## Stored records:

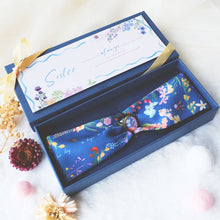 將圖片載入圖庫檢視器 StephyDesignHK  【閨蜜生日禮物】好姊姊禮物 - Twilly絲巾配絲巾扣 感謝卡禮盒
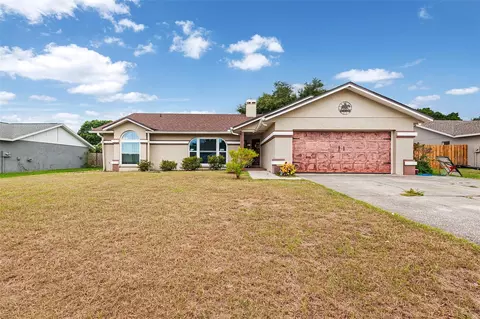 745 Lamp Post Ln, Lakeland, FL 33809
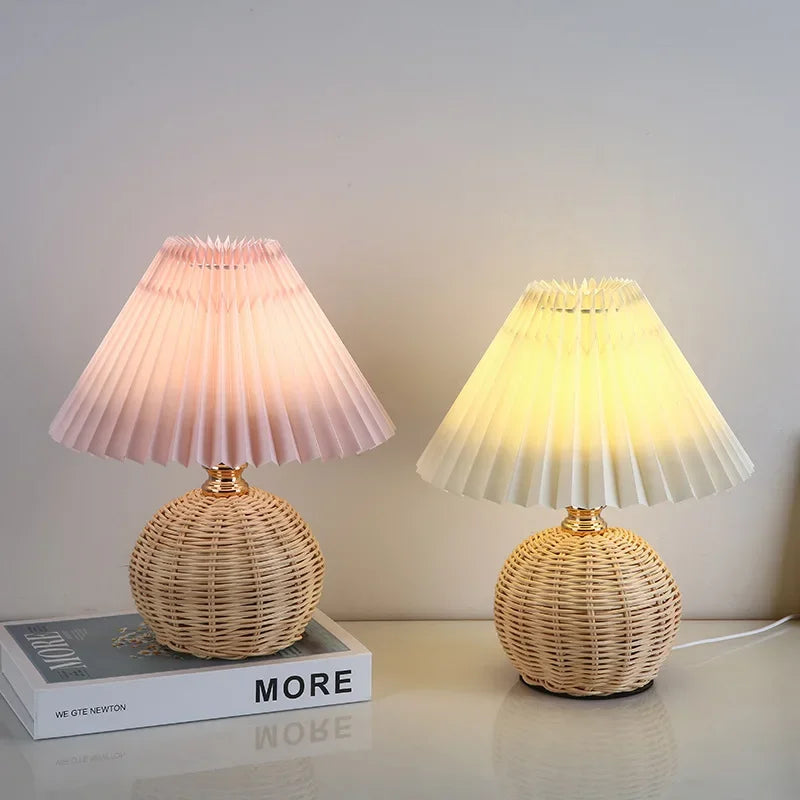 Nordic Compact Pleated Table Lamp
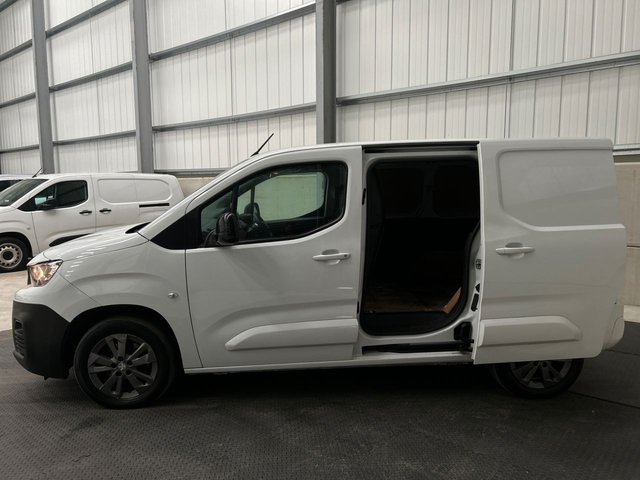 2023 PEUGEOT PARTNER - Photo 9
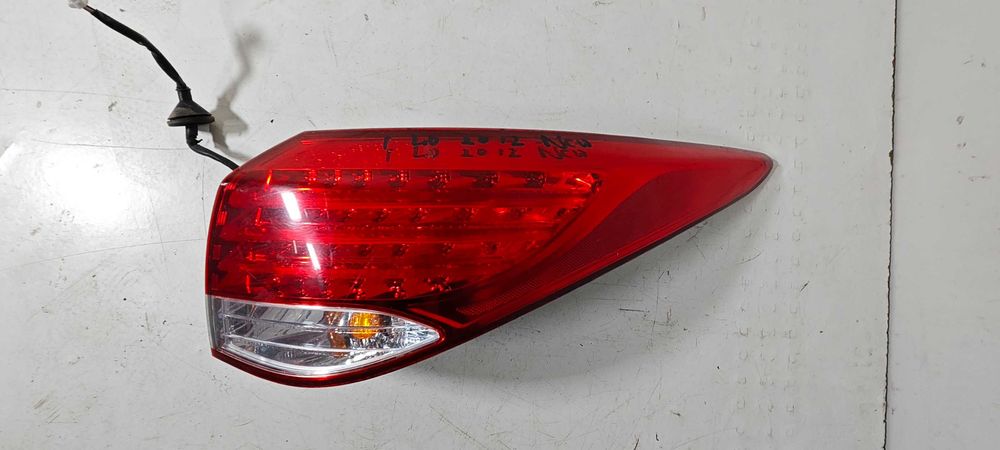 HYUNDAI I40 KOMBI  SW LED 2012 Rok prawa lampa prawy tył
* * *
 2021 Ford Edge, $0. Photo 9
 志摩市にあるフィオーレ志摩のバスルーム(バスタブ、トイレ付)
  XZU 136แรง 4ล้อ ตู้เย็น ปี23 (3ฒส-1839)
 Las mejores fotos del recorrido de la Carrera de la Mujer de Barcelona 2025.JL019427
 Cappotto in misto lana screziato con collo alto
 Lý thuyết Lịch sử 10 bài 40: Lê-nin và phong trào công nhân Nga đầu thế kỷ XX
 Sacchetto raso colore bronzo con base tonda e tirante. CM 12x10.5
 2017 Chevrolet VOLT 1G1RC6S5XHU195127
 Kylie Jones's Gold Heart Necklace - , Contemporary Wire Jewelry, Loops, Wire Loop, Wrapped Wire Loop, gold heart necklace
* * *
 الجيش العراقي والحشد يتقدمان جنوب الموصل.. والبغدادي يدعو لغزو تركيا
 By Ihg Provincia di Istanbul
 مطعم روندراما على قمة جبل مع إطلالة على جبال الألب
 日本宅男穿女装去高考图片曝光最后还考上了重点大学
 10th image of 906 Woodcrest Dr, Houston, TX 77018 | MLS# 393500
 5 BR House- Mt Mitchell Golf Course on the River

## Your instructions:
For this exercise, return exactly the lines above from the line with "- Twilly絲巾配絲巾扣 感謝卡禮盒" through the line with "HYUNDAI I40 KOMBI", both included. Do not copy the pictures.

## Solution to this problem:
 將圖片載入圖庫檢視器 StephyDesignHK  【閨蜜生日禮物】好姊姊禮物 - Twilly絲巾配絲巾扣 感謝卡禮盒
 745 Lamp Post Ln, Lakeland, FL 33809
 Nordic Compact Pleated Table Lamp
 2023 PEUGEOT PARTNER - Photo 9
 HYUNDAI I40 KOMBI  SW LED 2012 Rok prawa lampa prawy tył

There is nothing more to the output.